Global Witness accused two firms, Hoang Anh Gia Lai (HAGL) and Vietnam Rubber Group (VRG), of driving forced evictions via subsidiaries linked to government cronies in impoverished Cambodia and Laos.

According to the report, Deutsche Bank has multi-million dollar holdings in both companies, while the International Finance Corp (IFC) - the World Bank's private lending arm - invests in HAGL through financial intermediaries.

HAGL dismissed the accusations saying it strictly conformed with laws in the countries in which it operated.

"I am completely surprised by this," the chairman of the HAGL Group, Doan Nguyen Duc, told the Reuters news agency.

"I can affirm that these accusations are all fabrication and vilification ... I am unpleased when they issue the accusations
without meeting us and working with us."

VRG cold not be reached for comment.

'Ignoring laws'

More than 1.2 million hectares of land in Cambodia alone have been leased for rubber plantations, Global Witness said, with about 400,000 people affected by land grabs for rubber and other uses since 2003.
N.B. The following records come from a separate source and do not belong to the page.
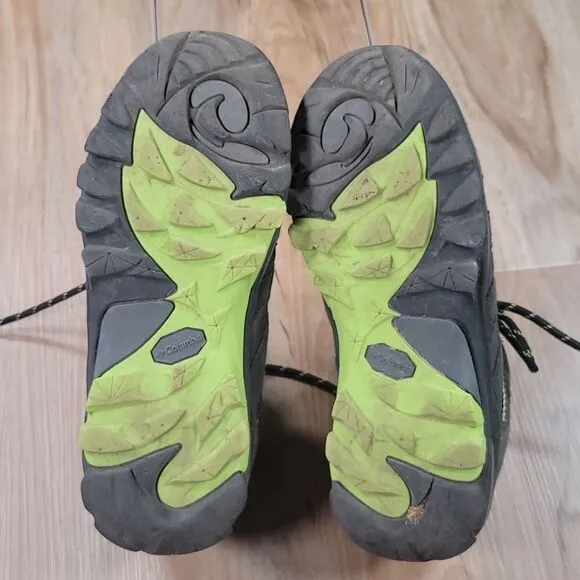 🩵Columbia Gray Waterproof Hiking Shoes Youth 6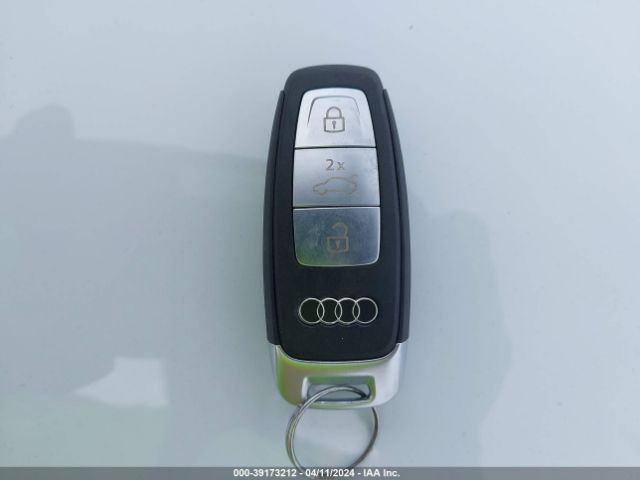 WAUHUDGY1PA011990 Audi A3 Premium Plus 40 Tfsi Quattro S Tronic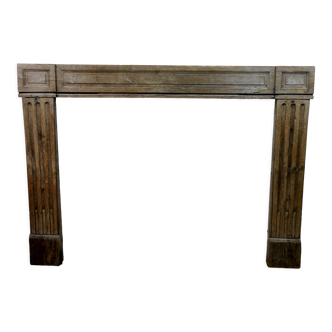 Old facade chene wood fireplace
"The governments in Cambodia and Laos are allocating large areas of land and ignoring laws designed to protect human rights and the environment," according to the report.

"Often the first people know about either company being given their land is when the bulldozers arrive."

Global Witness urged Cambodia and Laos to suspend all dealings with the two firms and their subsidiaries.

It called on Deutsche Bank and the IFC to withdraw their funding if the two companies fail to take steps to comply with human rights and environmental standards within the next six months.

In response, Deutsche Bank said an "intensive due diligence process" was conducted before the shares were bought on behalf of its investors.

The IFC declined to comment ahead of the report's release, saying Global Witness had not shared its full findings in advance.